Some interesting bits via Can China Contain Bitcoin?:
- In 2016, most Bitcoin trades were in Chinese Renminbi
- China’s Central Bank Has Begun Cautiously Testing a Digital Currency – testing between the central bank and commercial banks.
- “A digital fiat currency—one backed by the central bank and with the same legal status as a banknote—would lower the cost of financial transactions, thereby helping to make financial services more widely available. This could be especially significant in China, where millions of people still lack access to conventional banks. A digital currency should also be cheaper to operate, and ought to reduce fraud and counterfeiting.”
- They want more oversight and traceability. This is good from a reducing corruption standpoint.
- “Yao writes that the currency would only use a distributed ledger in a limited way. A blockchain might not be used to process transactions, as this could prove an insurmountable bottleneck for a currency with such a huge transaction volume as the renminbi. But such a distributed ledger might be used to periodically check who owns what. “The ownership of digital currency can be verified directly by the issuing bank, so as to realize peer-to-peer cash transaction[s],” Yao writes.”

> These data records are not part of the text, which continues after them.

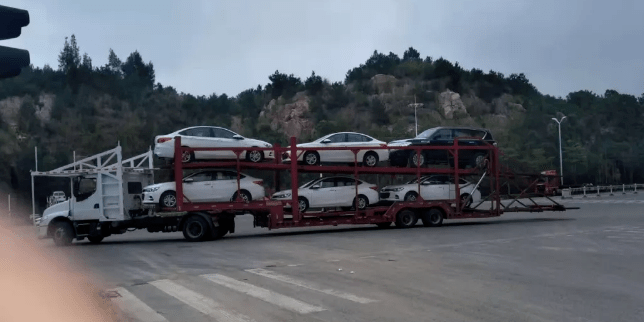 重慶的汽車托運(yùn)公司可以為大家提供怎樣的服務(wù)？-鑫邦運(yùn)車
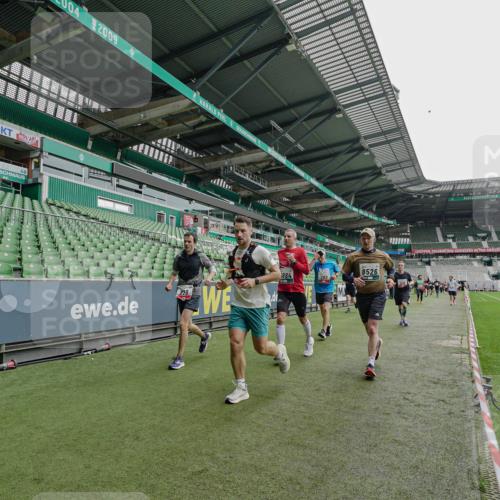 05.10.2025 - 20. swb-Marathon Bremen Michael Burmester http://msf.ph/oto/9238741 05.10.2025 13:02:49 Laufen im Stadion 97, 293, 518, 616, 721, 729, 764, 828, 843, 921, 1121, 1405, 1568, 1670, 1704, 1733, 1744, 1836, 1924, 1944, 2272, 2357, 2393, 2772, 2774, 2984, 3019, 3147, 3217, 3424, 3861, 3917, 3930, 4026, 4129, 4321, 4322, 4464, 4477, 4481, 4688, 4714, 4817, 4847, 4885, 4985, 5652, 5755, 5884, 5893, 6215, 6325, 6328, 6382, 6481, 6666, 7217, 7407, 7433, 7659, 8375, 8526, 8957, 428, 772, 1030, 1256, 1348, 1452, 1744, 1856, 1899, 1924, 2143, 2306, 2910 meine-sportfotos.de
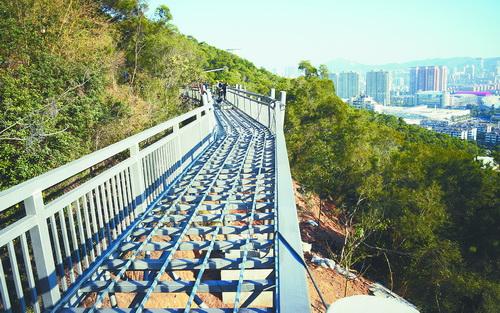 ■栈道桥主体架构已经形成。刘东华 摄
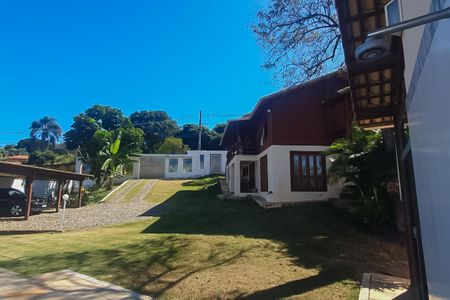 Casa à venda com 287m², 4 quartos e 3 vagas Casa à venda com 287m², 4 quartos e 3 vagasÁrea comum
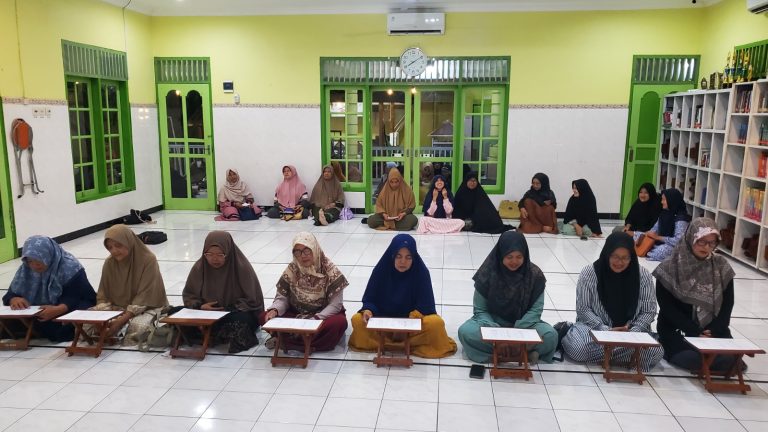 Dalam rangka Semarak Maulud Nabi, TPA ALBA Gelar Lomba Membaca Huruf Muqotoah untuk Kelas Emak#2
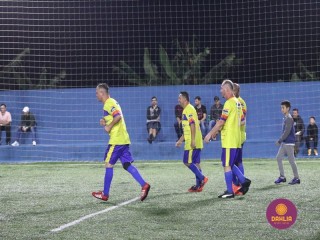 
<a style='margin-left: 5px;' class='btn btn-xs btn-social btn-facebook' href='https://www.facebook.com/sharer/sharer.php?u=https://www.boladovale.com.br/imgs/800-800-90/conteudo/fotos/1489/img8908.jpg' rel='popup' data-width='500' data-height='400'><i class='fa fa-facebook'></i>Compartilhar <span class='hidden-xs'>no Facebook</span>
</a> 
<a class='btn btn-default btn-xs' target='_blank' href='imgs/800-800-90/conteudo/fotos/1489/img8908.jpg'>
<span class='glyphicon glyphicon-cloud-download'></span> Salvar
</a> 
<span></span>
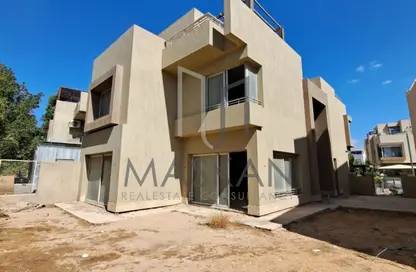 Villa - 3 Bedrooms - 4 Bathrooms for sale in Palm Hills Golf Extension - Al Wahat Road - 6 October City - Giza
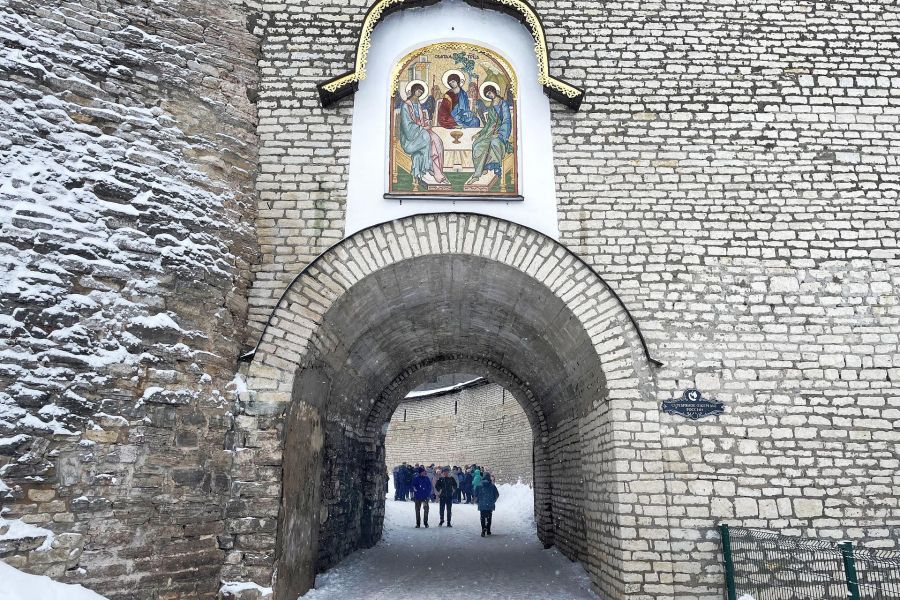 На Новогодние праздники в Псков - Изборск - Печоры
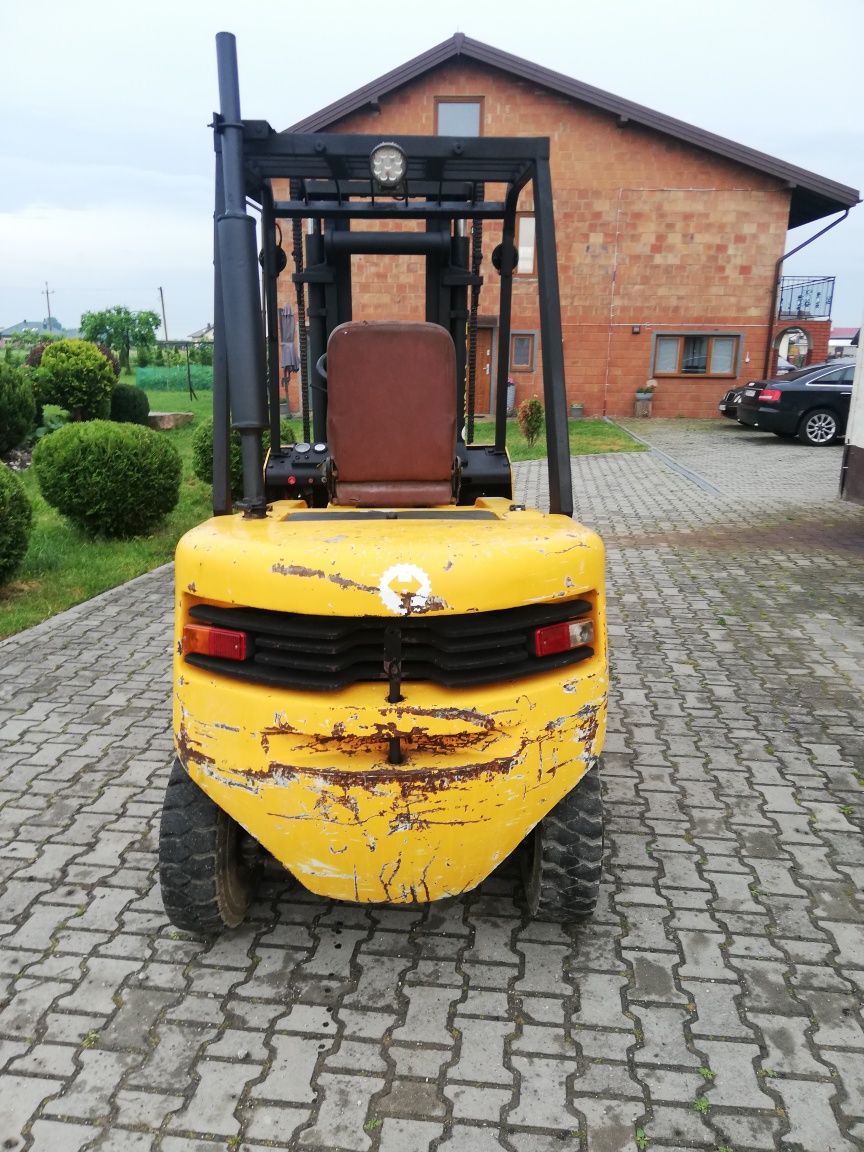 Wózek widłowy Bułgar 3.5t. Balkancar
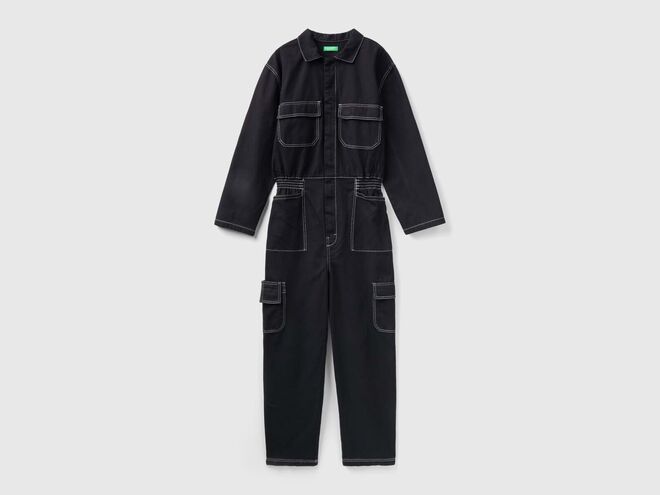 Macacão em sarja, agora €59,90, Benetton.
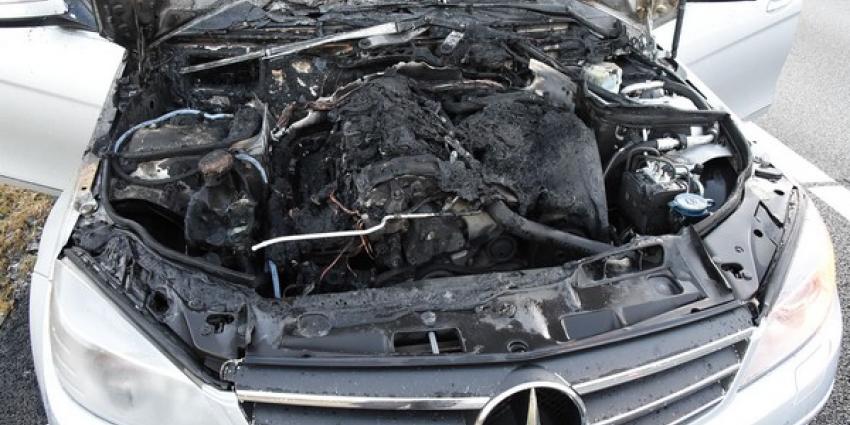 Motor Mercedes brandt volledig uit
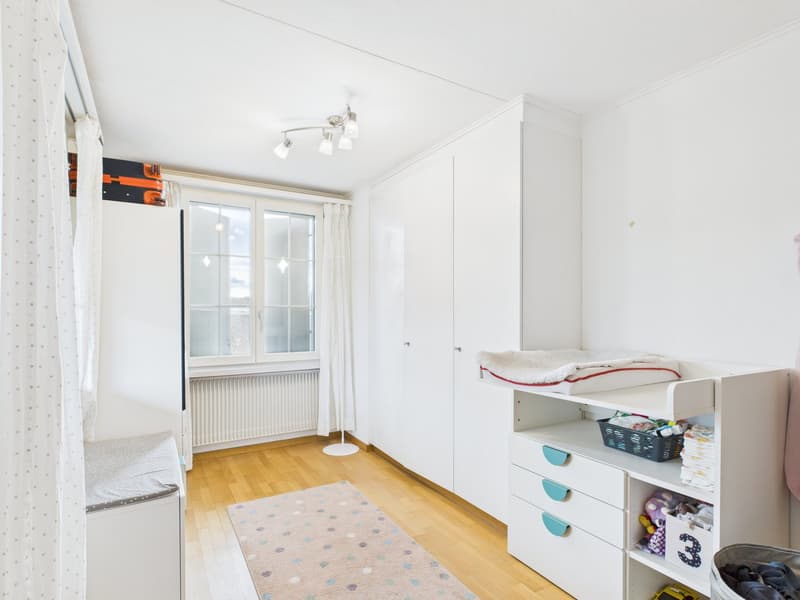 Sonniges Einfamilienhaus in ruhigem Quartier mit Waldnähe (11)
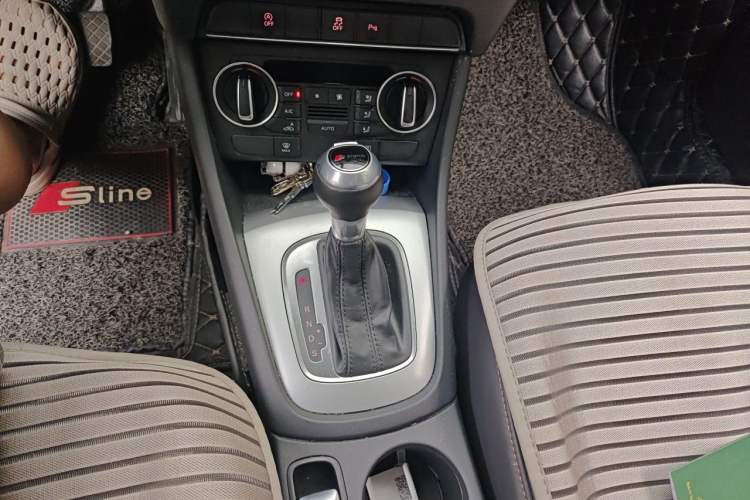 Used Audi Q3 2018 30th Anniversary Edition 30 TFSI Fashion Model Gear Lever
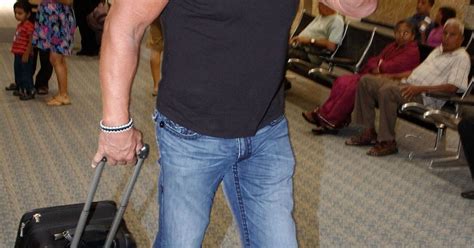 Hulk Hogan Sues Friend And Gawker Over Leaked Sex Tape For 100 Million Mirror Online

- Source – in Mandarin, but you can read it via Google Translate (Yao Qian: Digital Currency and Bank Accounts | Central Bank and Currency) – translated
- “I repeatedly heard that 90 percent of Chinese ICOs were scams. The whole model, in which you buy tokens to use on a platform that does not yet exist, might never exist, or could be a total flop, can be a magnet for fraudsters.”
- “It’s easy to understand why many Chinese people would be attracted to Bitcoin. In China’s heavily regulated financial environment, speculating on the currency represented one of the few investment options for the retail investor, Kapron observes. In 2013, the Shanghai stock exchange had been underperforming for years. Real estate prices were too high for many ordinary people, but you could buy a fraction of a bitcoin for as little as one dollar. By mid–2013, Chinese exchanges were moving more than $35 million in bitcoins each day.”
- On how to bypass capital controls: “Beijing was also worried about yuan leaving the country. China caps yuan outflow at $50,000 per person per year. While it’s not clear that large numbers of people were using Bitcoin to evade Chinese capital controls, the potential was there. People in China could buy bitcoins in yuan, sell them on an American exchange, and then withdraw the sum in dollars.”
- When China banned financial services companies from dealing with Bitcoin exchanges in late 2013, the Chinese found a workaround: “Instead of paying exchanges directly from their bank accounts, they used cash to buy vouchers that could then be traded on the exchanges. Alternatively, purchasers could send money to the personal bank account of someone who worked at an exchange.”
- Blockchain development as part of China’s 13th 5 year plan
In late August Lu did an ICO to raise money for Bihu.com, a communications platform that uses blockchain technology. In ICOs, startups issue a new virtual token to the public, sometimes on the premise that the token will be necessary for use of the startup’s product. High demand for that product should, in theory, make these virtual tokens gain value. Bihu.com aimed to be like Twitter or Reddit, except that users could reward good content with “keys,” the platform’s own token.
Lu was thrilled by Bihu’s ICO. He says he raised over $20 million in a matter of hours. He believed there was no way that venture capital would deliver that kind of result. Then the following month China’s ICO ban came down, and Lu had to give all the money back.
The above is definitely interesting – Bihu seems a lot like Steemit.